Moving Rocks of Death Valley

Research conducted at the Racetrack Playa area in Death Valley by both NASA and students of Slipperyrock University has led to interesting theories and conclusions over strange phenomena of rocks that seem to move by themselves. At first, NASA suggests the rocks are most likely moved by strong wind gusts across the Playa with calculations stating at least 150 mph would be necessary to move the largest rocks tipping scales at nearly 700 pounds.

Photographs of some of the rocks though call this theory into question as tall or slender rocks would be blown over under those conditions.Students of Slipperyrock determined that a slope does exist across the Playa, by which the rocks may slowly move away from, but feel it is far too insignificant to affect the movement. The students also gathered research on radiation and magnetic anomaly data during the exploration process of cause elimination.

Data presented by NASA and Slipperyrock students does not encompass the entire dynamic system at work in the Death Valley region. In reference to NASA's wind theory and pictured rocks which are proportionately more vertical than girth; high wind forces against those sail-like rocks would logically cause them to tumble along the flats yet the transient path is smooth, consistent, and highly accurate in alignment to a rock surface traveling along a single face.

In reference to the students of Slipperyrock and the slope discovery; this seems to be on the right track, almost literally. Even-though the slope may appear minuscule and insignificant enough to move large rocks, it might be a positive indicator to a processes happening below the flats. Slope findings dismiss the possibility of an optical illusion where the surrounding area tricks the viewer into thinking the area is level or sloping in a different direction.

New-age theory suggests Death Valley and Racetrack Playa are part of a super-dynamic tectonic system influenced by deep area seismic activity. The entire flat plain fluctuates in a double see-saw type motion. Transients demonstrate the path relative to activity which previously took place below the surface. Like a dynamic bellows, pressure placed on one end of the plain causes another end to rise or tilt respectively. In this case the pressures are applied below ground, forcing parts of the crust to inflate and retract.

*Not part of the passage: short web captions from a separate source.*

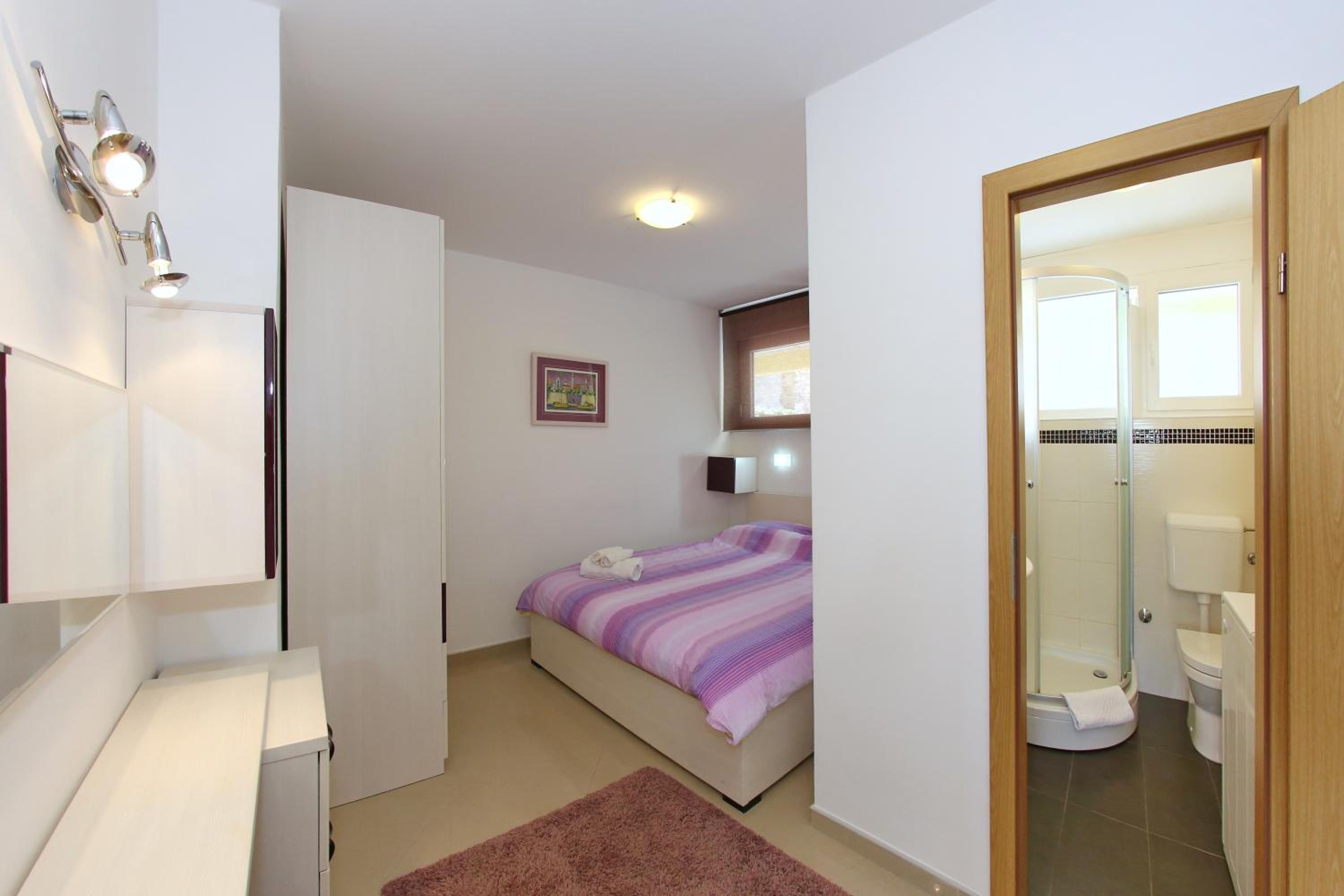 One-Bedroom Apartment with Sea View - Photo 18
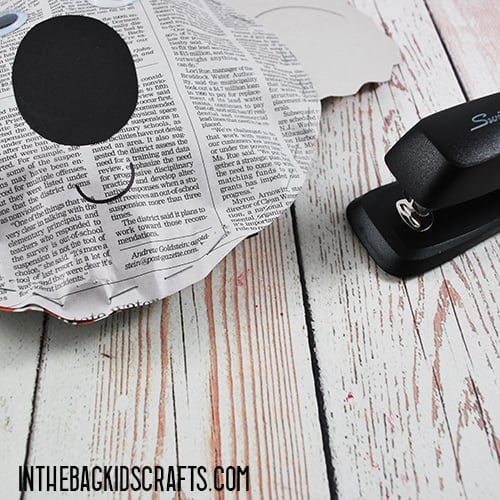 KOALA NEWSPAPER CRAFT STEP 6B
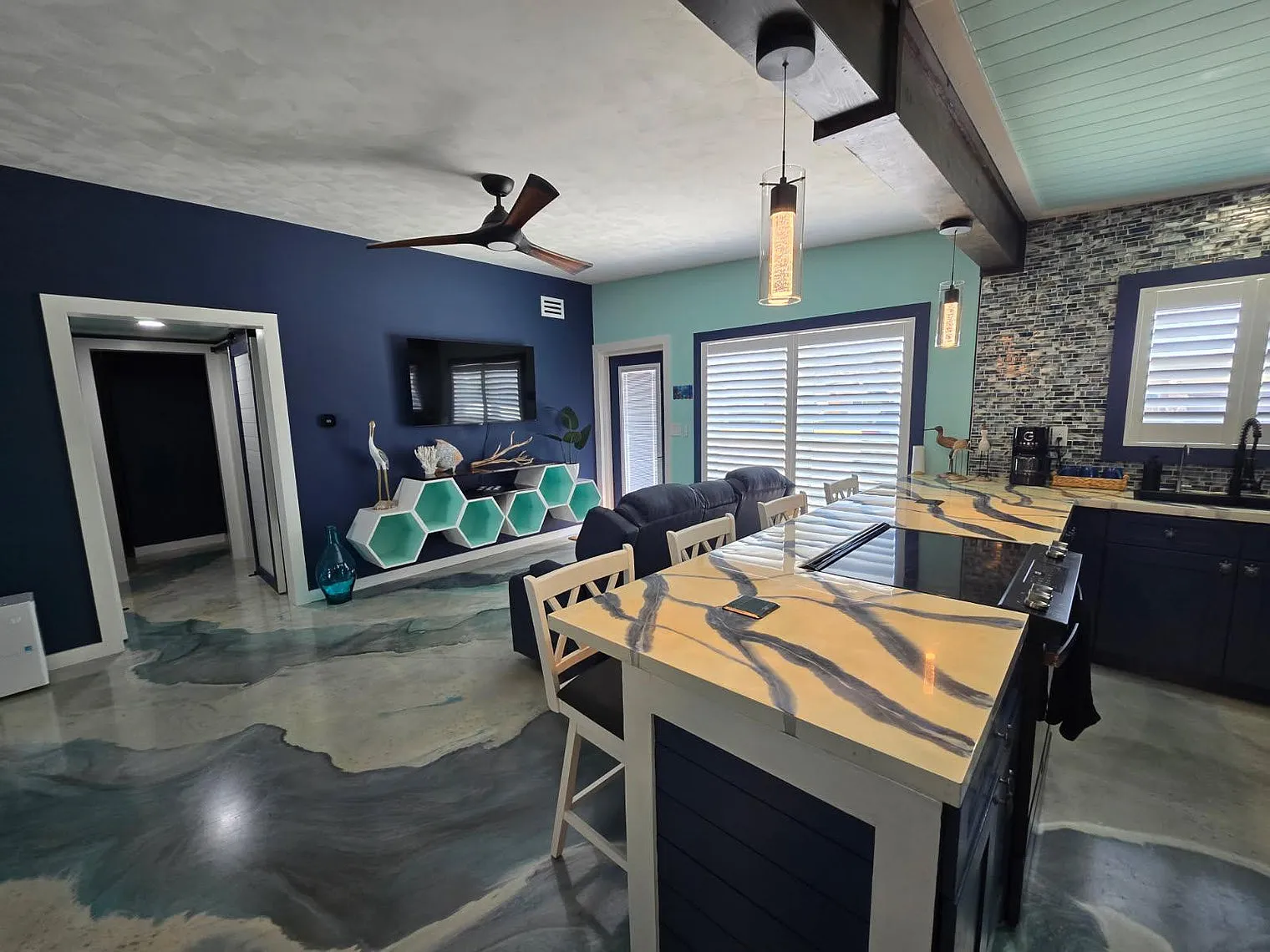 3 bed, 1.0 bath, 979 sqft, $2,621 — Photo 3
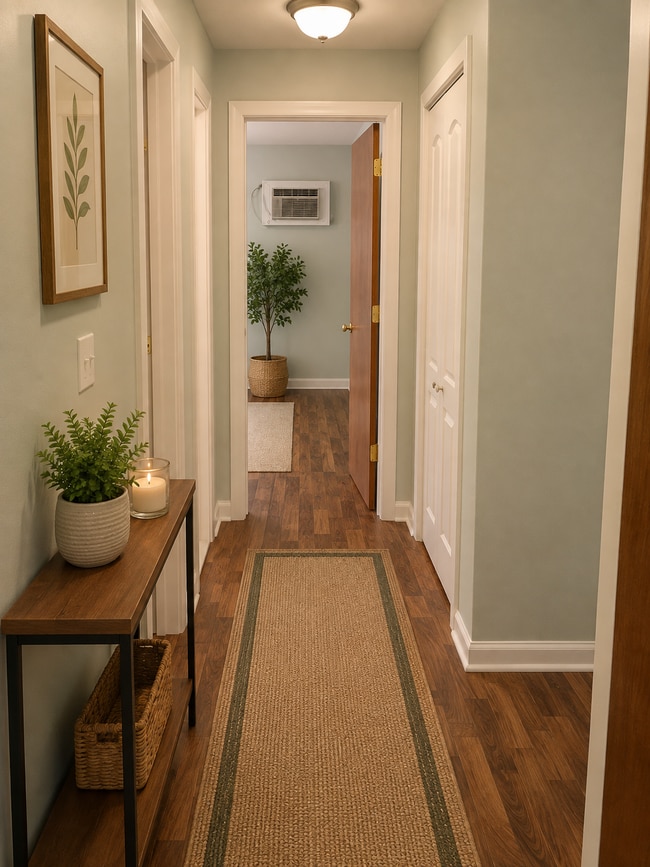 Hallway between bedrooms - 1147 Miller Ln Unit 201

Recent slope measurements demonstrate the rocks seem to be moving in a very slow upward incline indicating the system's fluctuation has since changed. Visualization of this is thinking of the flat plain as an upside-down trampoline. When pressure excites one section of the trampoline, the object at the pressure point is forced away, similar to the rocks at Racetrack Playa. Tension differential, though, is why the rocks do not jump from one place to the next.

Instead, the rocks slide along as different tethers which push upward and then relax. This is why in certain areas large groups of rocks seem to move together while others nearby don't. Areas moving together are affected by the same tether. The entire system is composed of several independent tethers relative to the activity below. Essentially, by tectonic process in a linear fashion, pushing on one side of the valley creates enough tension to bulge areas of the surface until the opposite side shifts ever to slightly, releasing the pressure and removing the bulges.
Further scientific research suggests the rocks on the Playa may be moving by drastic temperature changes. The desert gets very hot during the day and temperatures plummet at night dramatically. Cold nights and presence of water may freeze parts of the Playa only to rapidly thaw when the sun rises. Frost heave could cause the surface to expand and move rocks along with it. Frozen water may also be a catalyst here on the surface, suggesting many rapid freezing and thawing days inch the rocks forward. For frost heave to be true, wouldn’t the ground be moving as well, and leave mounds behind instead of a completely flat surface?